*Problem requirements*
In the records below, find the line with "GC Bar (Golden Cock)" and repeat it and every line after it, exactly, without any pictures.

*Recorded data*
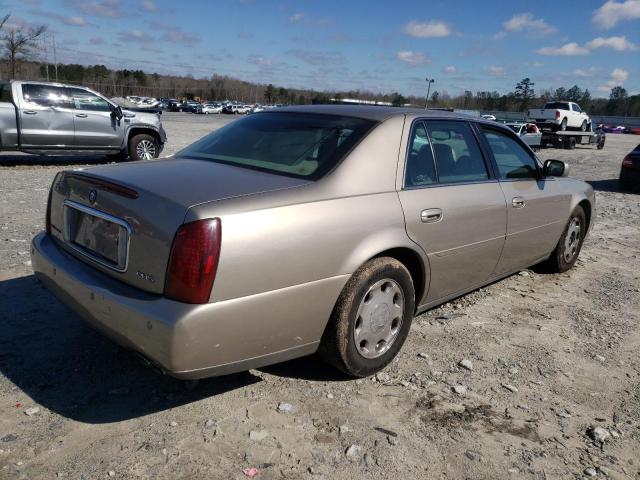 Photo 4 from auction – 2000 CADILLAC DEVILLE DH with VIN 1G6KE57Y1YU264791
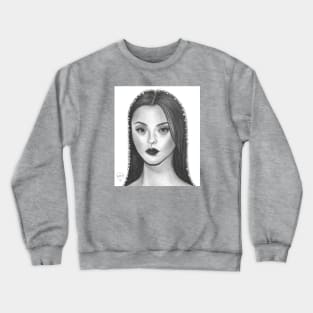 Devon Aoki Crewneck Sweatshirt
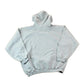 Vintage 1990s Nike Embroidered Mini Swoosh Hoodie Sweatshirt Men's XL from propervintagecanada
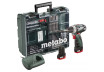 Винтоверт акум. 10.8V 34Nm METABO POWERMAXX BS 2x2Ah SET thumbnail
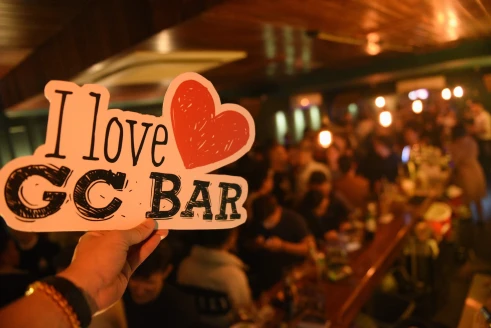 GC Bar (Golden Cock)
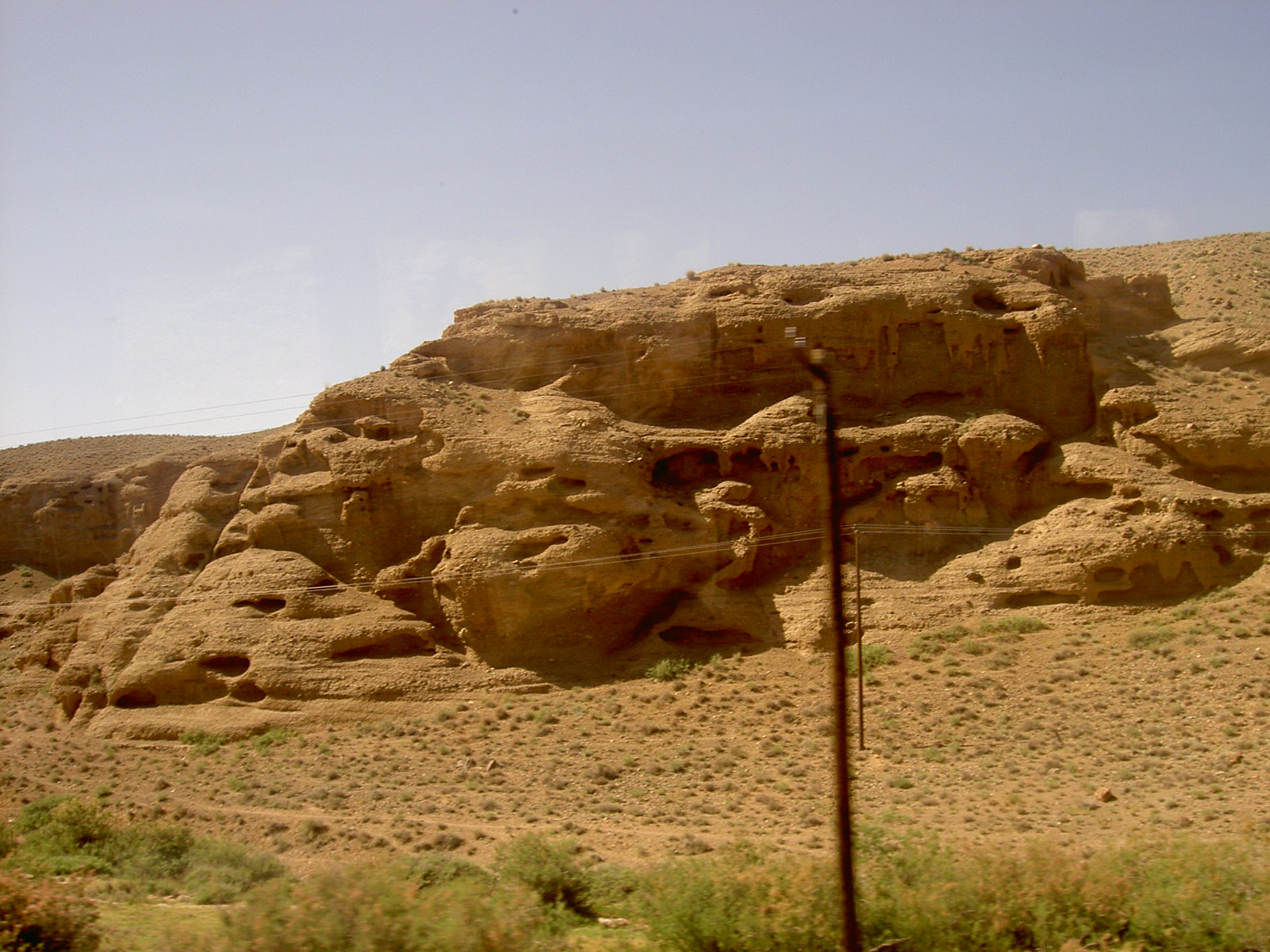 Near Abyaneh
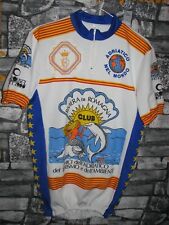 Vintage cycling jersey usato  Italia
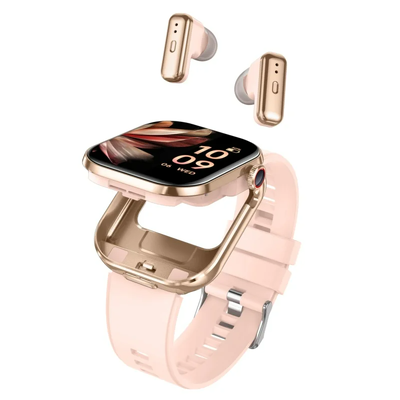 Dobra cena. 2 w 1 Smart Watch z kablem do ładowania USB dla bezpiecznego i skutecznego ładowania w Internecie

*Written answer*
 GC Bar (Golden Cock)
 Near Abyaneh
 Vintage cycling jersey usato  Italia
 Dobra cena. 2 w 1 Smart Watch z kablem do ładowania USB dla bezpiecznego i skutecznego ładowania w Internecie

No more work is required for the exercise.